### PROBLEM DESCRIPTION
Go through the listing and set it down exactly, leaving out its pictures.

═════ INPUT DATA ═════

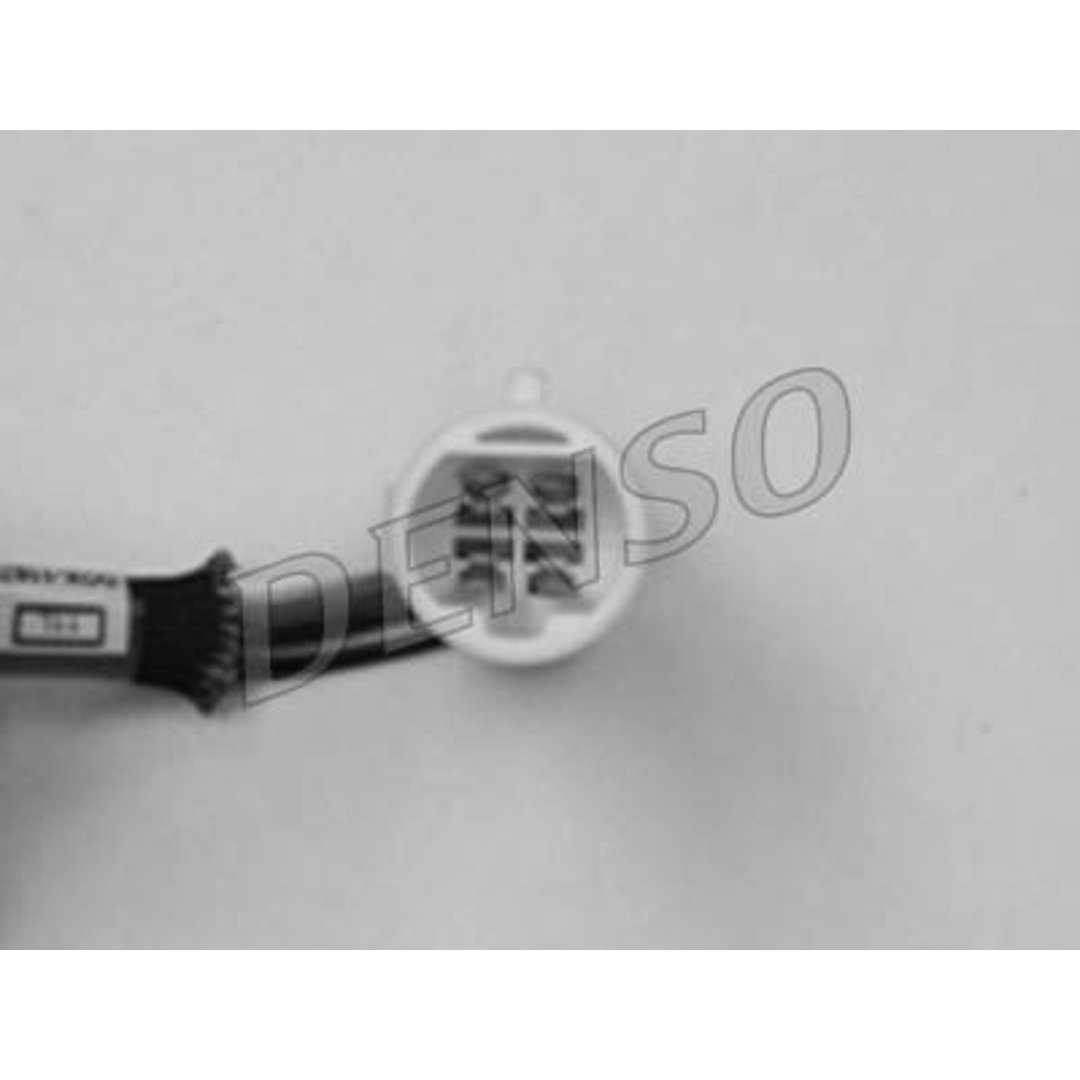 DENSO Sonda lambda DENSO DOX-1167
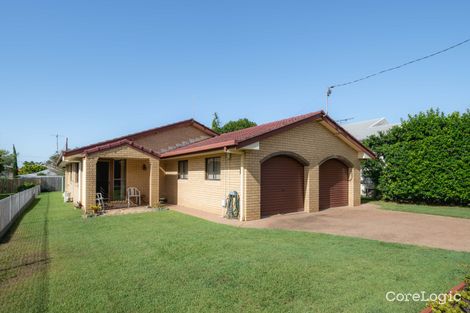 Property photo of 140 Tufnell Road Banyo QLD 4014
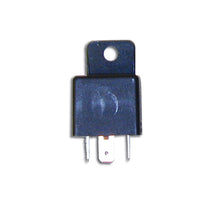 Load image into Gallery viewer, Nitrous Express 40 Amp Anti-Flyback Heavy Duty Relay (Only) Wiring Connectors Nitrous Express
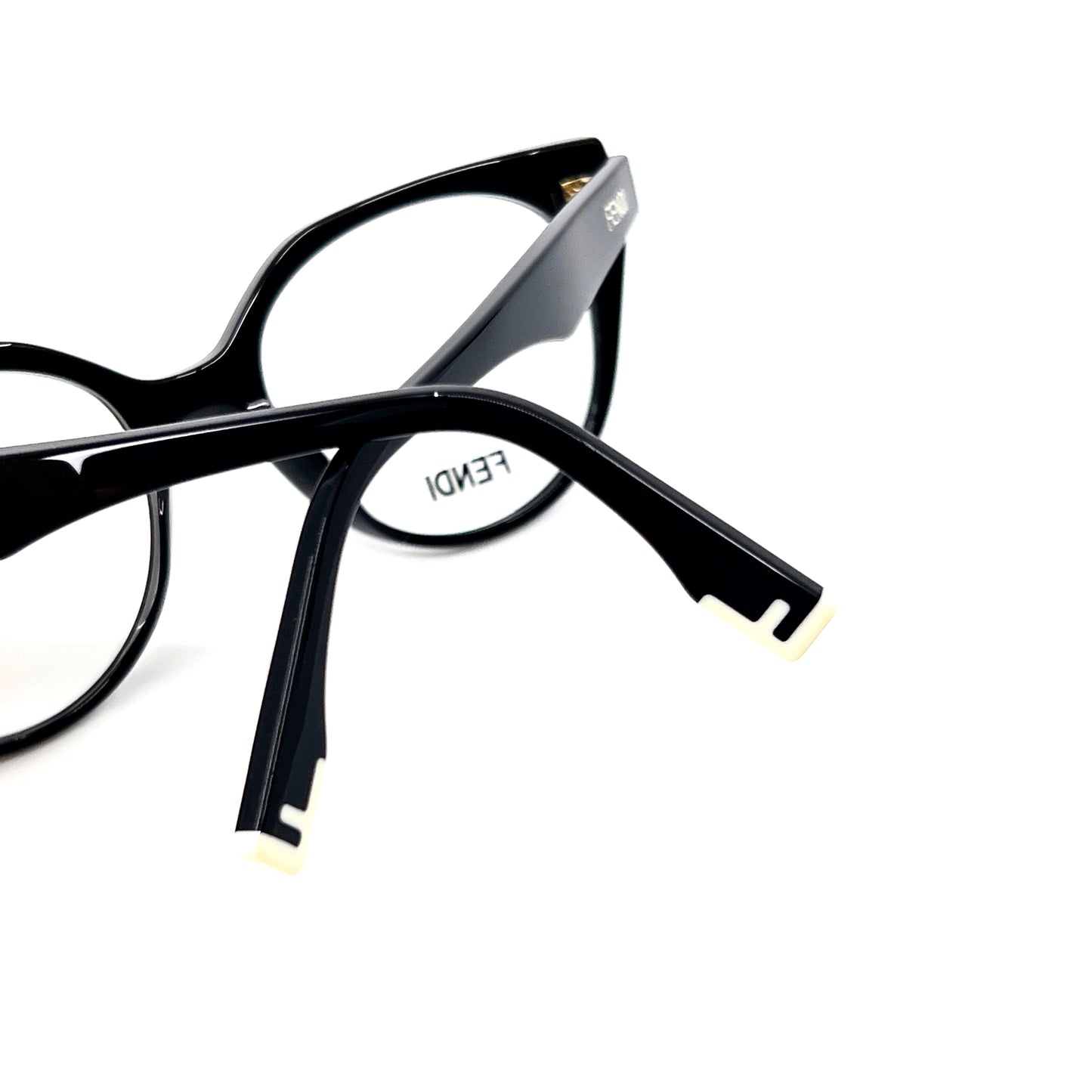 Gafas FENDI FE50003I 001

═════

### ANSWER AREA
 DENSO Sonda lambda DENSO DOX-1167
 Property photo of 140 Tufnell Road Banyo QLD 4014
 Load image into Gallery viewer, Nitrous Express 40 Amp Anti-Flyback Heavy Duty Relay (Only) Wiring Connectors Nitrous Express
 Gafas FENDI FE50003I 001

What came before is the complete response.